Mata uang Thailand bath berhasil menguat terhadap greenback, di tengah jatuhnya mata uang Garuda dengan pelemahan terbesar diantara beberapa mata uang Asia lainnya.
Rupiah mencatat pelemahan sebesar 0,21% ke posisi Rp16.915/US$, setelah pada pekan lalu ditutup di posisi terlemah sepanjang masa di Rp16.880/US$.
Tidak hanya rupiah, pelemahan juga terjadi pada dong Vietnam yang ikut melemah sebesar 0,11% di posisi VND 26,264/US$. Won Korea dan peso Filipina juga masing-masing melemah sebesar 0,09% dan 0,08% atau KRW 1.474,64/US$ dan PHP 59,394/US$.

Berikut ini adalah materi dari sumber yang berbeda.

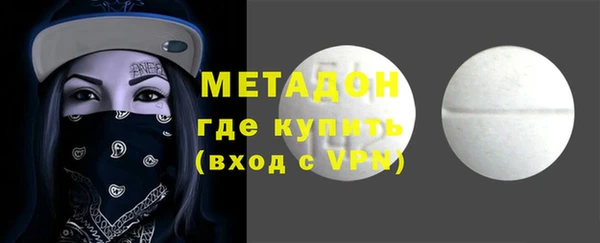 мескалин Лагань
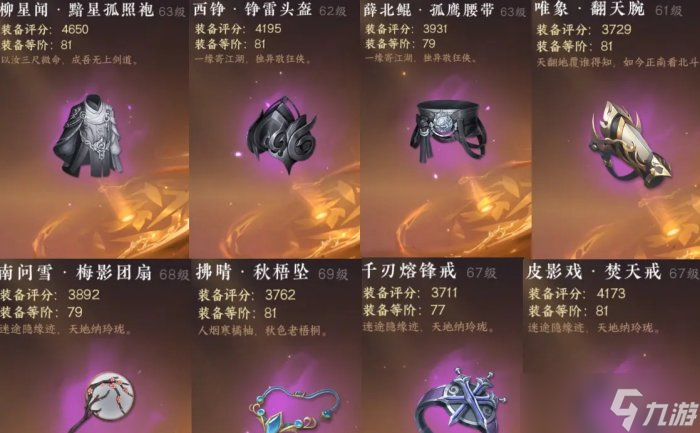 《逆水寒手游》英雄鏡天閣怎么搭配 英雄鏡天閣開荒裝備搭配思路分享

Sementara untuk mata uang Asia yang berhasil menguat dipimpin oleh Bath Thailand sebesar 0,41% di level THB 31,29/US$. Kemudian diikui dolar Taiwan yang naik 0,33% ke level 31,505/US$.
Di susul penguatan dolar Singapura dan yen Jepang yang masing-masing menguat 0,18% dan 0,15%. Penguatan yang dialami oleh yen sejalan dengan karakter mata uang tersebut yang kerap diburu saat pasar global tengah mencari perlindungan.
Selain itu, mata uang yuan China juga terlihat bergerak menguat 0,06% ke posisi 6,9638/US$, dan ringgit Malaysia cenderung stagnan di posisi 4,055/US$.
Pelemahan dolar AS di pasar global memberikan sentimen positif terhadap pergerakan mata uang Asia. Hal ini terlihat dari laju indeks dolar AS (DXY) yang bergerak melemah 0,18% ke level 99,212.
Greenback mengalami tekanan setelah investor merespons ketidakpastian kebijakan perdagangan AS yang semakin meningkat. Sentimen pasar kembali memanas setelah Presiden AS Donald Trump melontarkan ancaman tarif tambahan terhadap sejumlah negara Eropa terkait isu Greenland.
Akibat pernyataan tersebut membuat kekhawatiran baru terkait eskalasi tensi dagang global, sekaligus berpotensi menekan hubungan ekonomi AS dengan mitra utamanya di Eropa.
Sementara akibat tekanan dari dolar AS membuka ruang bagi penguatan mata uang negara berkembang, termasuk mata uang Asia. Meski demikian, pelaku pasar masih akan mengamati perkembangan lanjutan kebijakan AS dan respons global, lantaran volatilitas pasar tetap berpotensi tinggi dan membuat laju mata uang Asia dapat berubah lebih cepat sepanjang hari.